- _Problem_: Could you copy exactly the lines below from the one with "PASEK PASKI WIELOROWKOWE" to the one with "Staffer planting a", inclusive, leaving out any pictures?

- _Data under study_:
▼▼▼
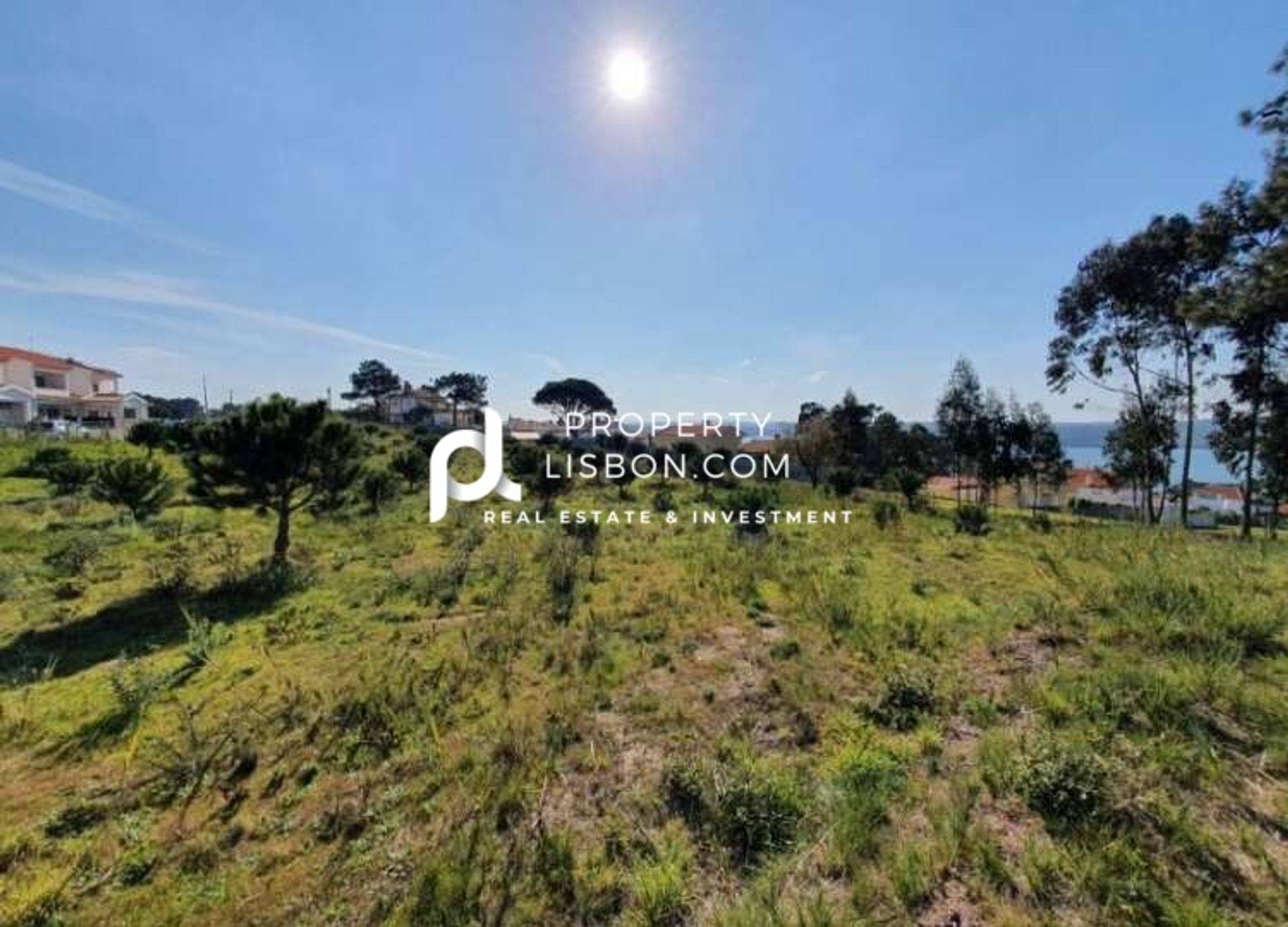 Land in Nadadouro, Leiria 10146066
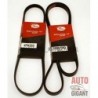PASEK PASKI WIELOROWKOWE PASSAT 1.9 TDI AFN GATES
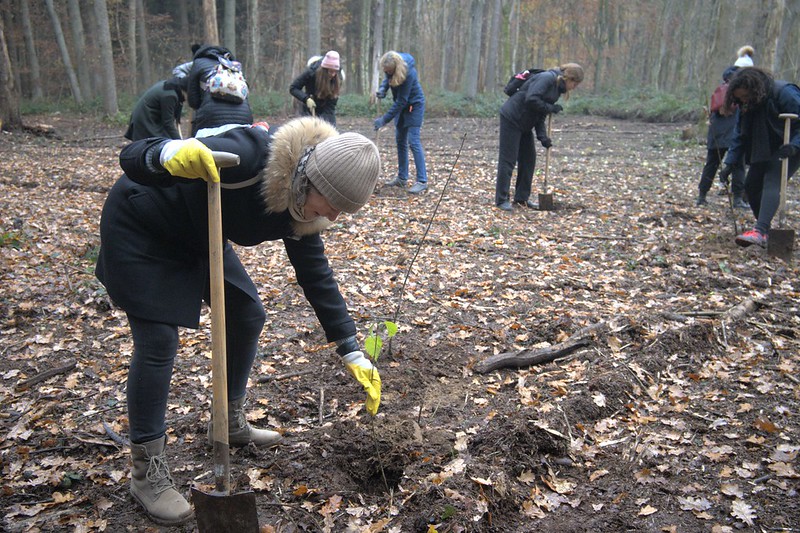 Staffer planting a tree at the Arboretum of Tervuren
▲▲▲
▼▼▼
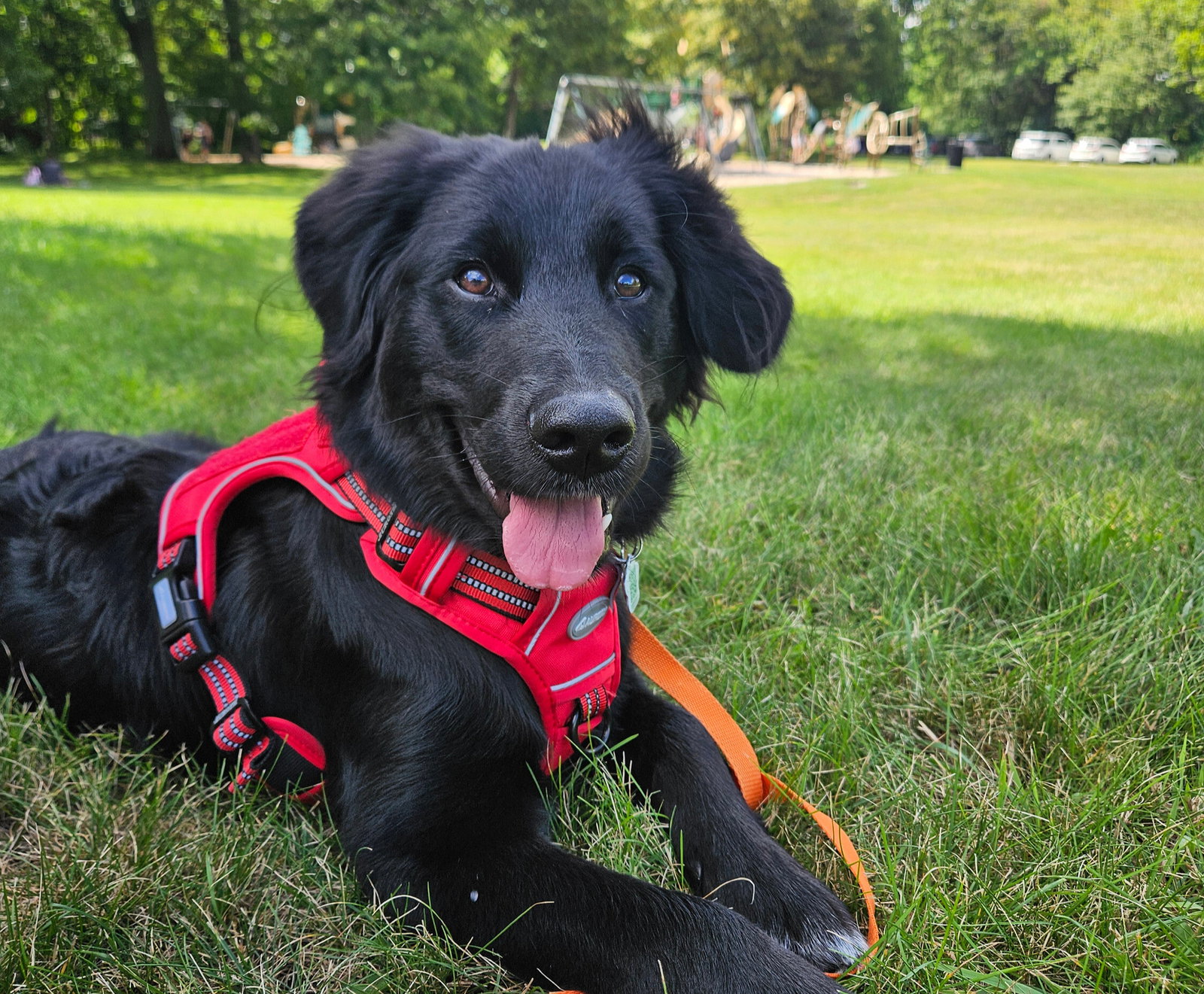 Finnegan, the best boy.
▲▲▲
- _Answer to this problem_:
PASEK PASKI WIELOROWKOWE PASSAT 1.9 TDI AFN GATES
 Staffer planting a tree at the Arboretum of Tervuren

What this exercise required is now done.